→ To do
Where an image appears, leave it out; otherwise repeat the data exactly.
Start of Records to process
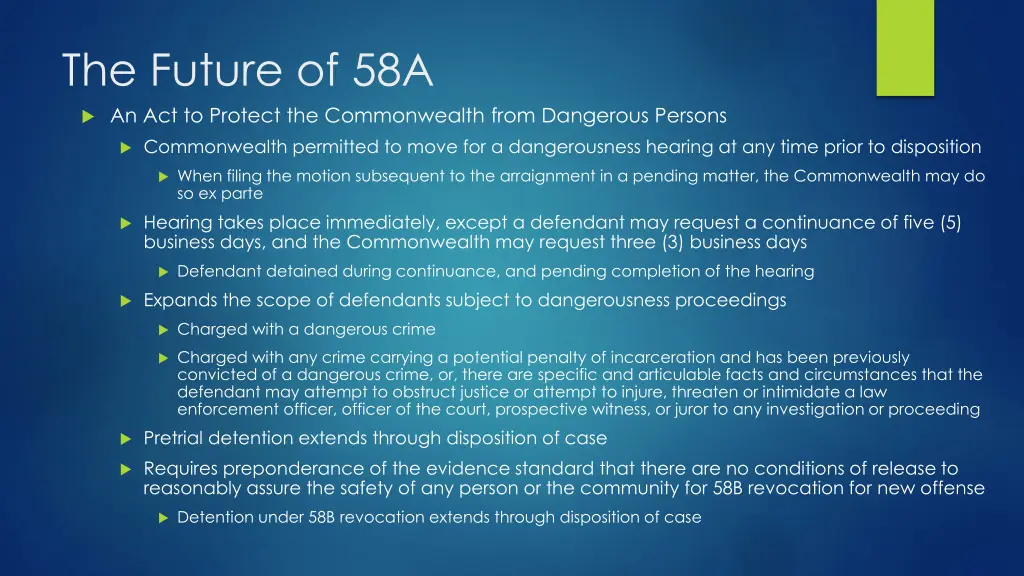 the future of 58a an act to protect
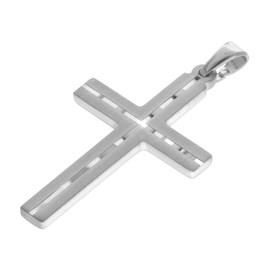 trendor Gents Necklace with Cross Silver 63836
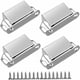 thumbnail image 1 of Imán para puerta de armario, 4 piezas, imán de puerta de acero inoxidable, imanes fuertes para puerta, cerradura de puerta de armario de 10 kg con tornillos para muebles de hogar, gabinete de puerta, 1 of 5
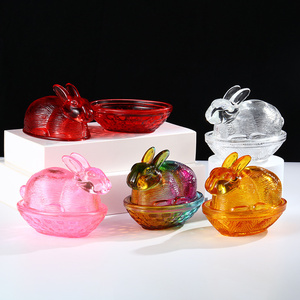クリスタルラビットフルーツボウル-エレガントな装飾的なセンターピース - Product Image 2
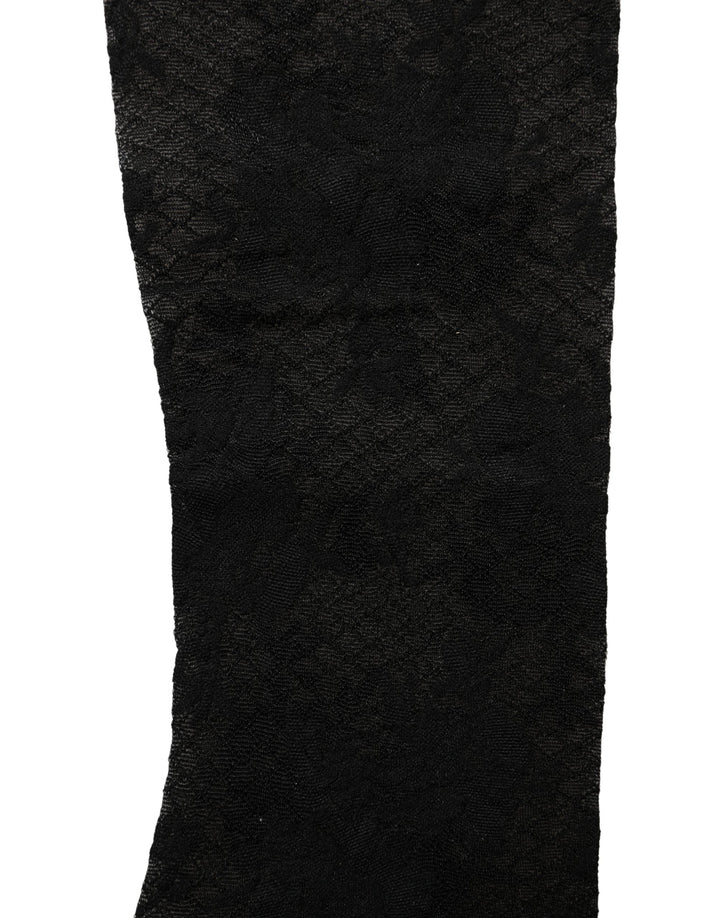 Women’s Dolce &amp; Gabbana Black Floral Lace Nylon Stretch Stockings Socks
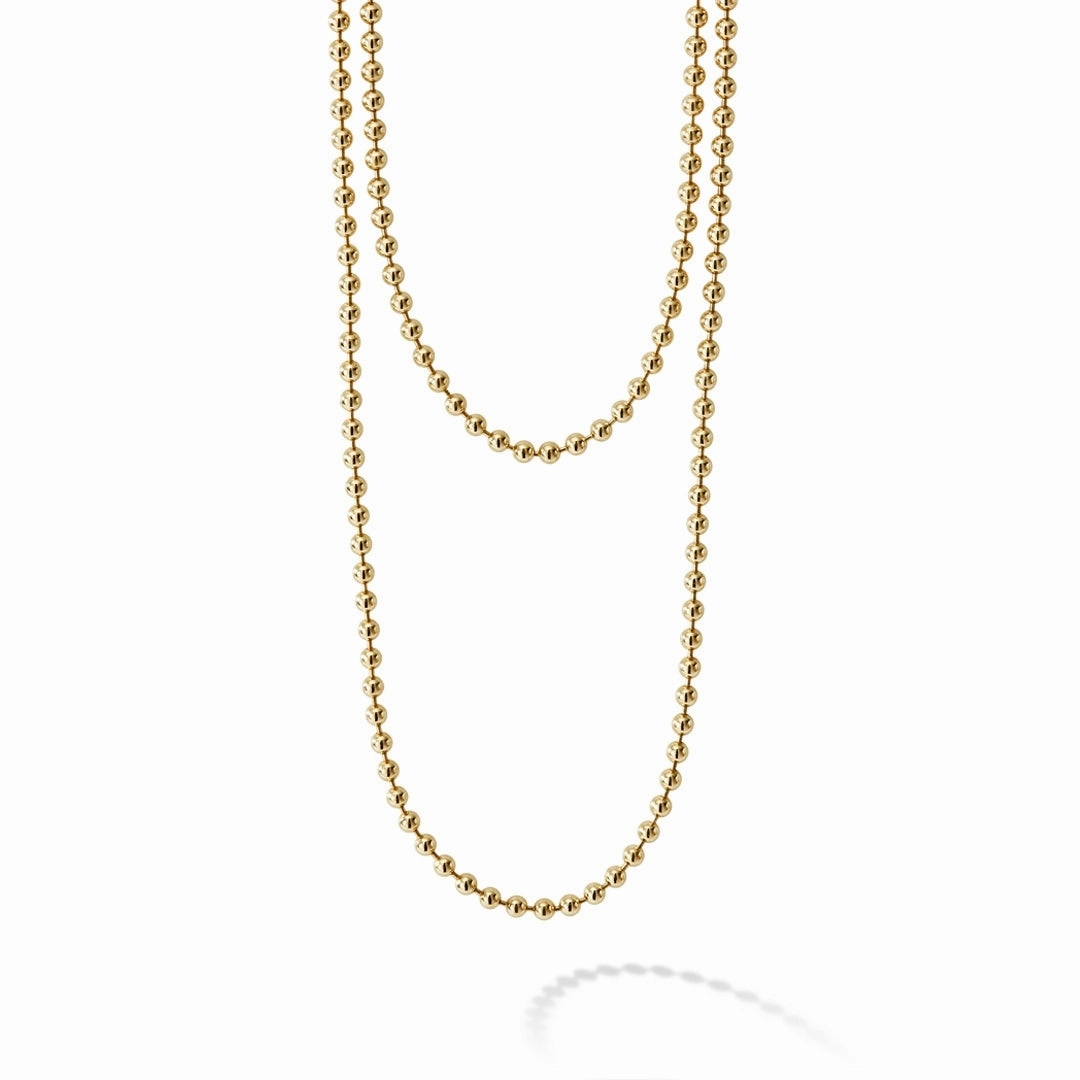 Caviar Gold 18K Gold Beaded Necklace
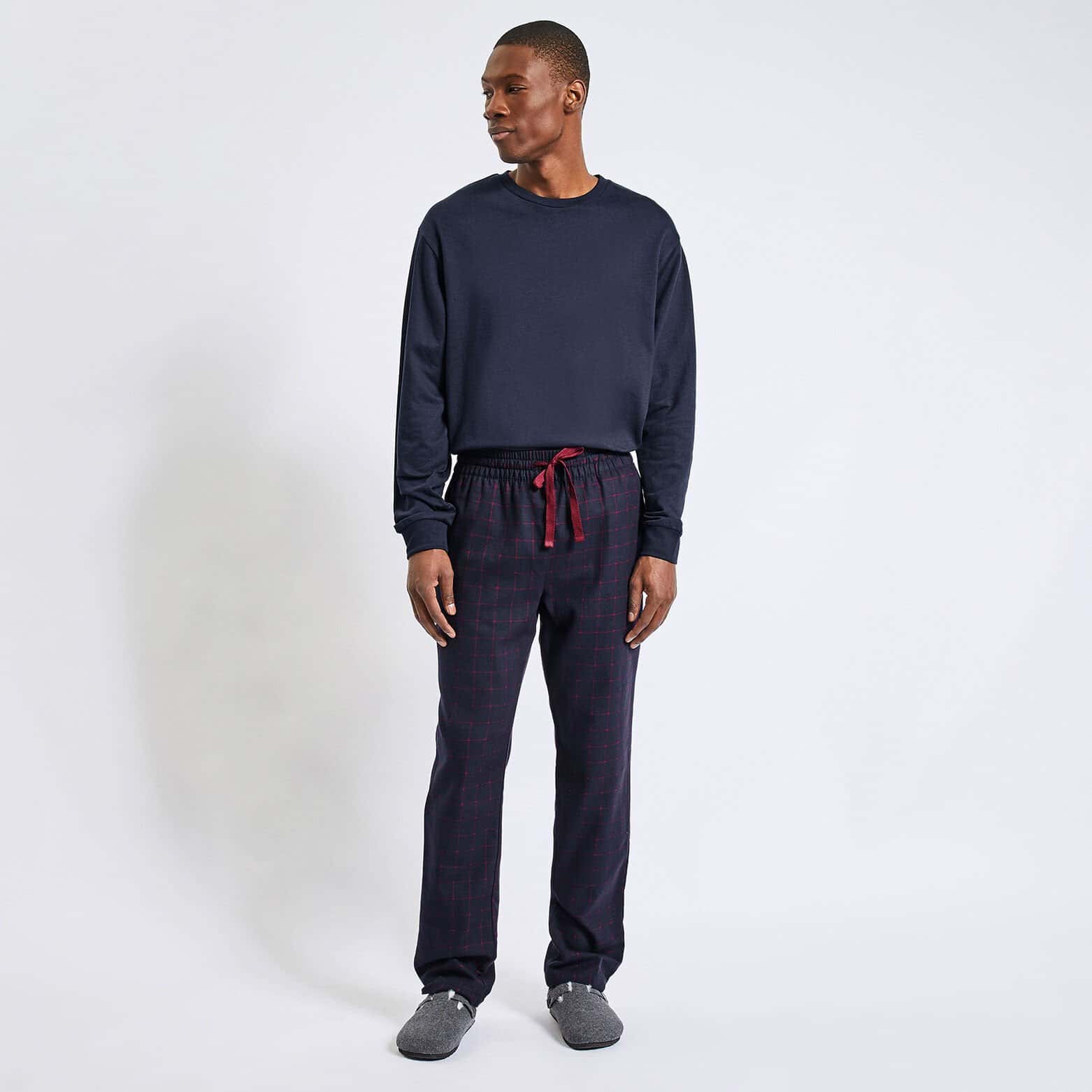 Ensemble pyjama sweat et jogging Bleu foncé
End of Records to process
→ Solution for this problem
 the future of 58a an act to protect
 trendor Gents Necklace with Cross Silver 63836
 thumbnail image 1 of Imán para puerta de armario, 4 piezas, imán de puerta de acero inoxidable, imanes fuertes para puerta, cerradura de puerta de armario de 10 kg con tornillos para muebles de hogar, gabinete de puerta, 1 of 5
クリスタルラビットフルーツボウル-エレガントな装飾的なセンターピース - Product Image 2
 Women’s Dolce &amp; Gabbana Black Floral Lace Nylon Stretch Stockings Socks
 Caviar Gold 18K Gold Beaded Necklace
 Ensemble pyjama sweat et jogging Bleu foncé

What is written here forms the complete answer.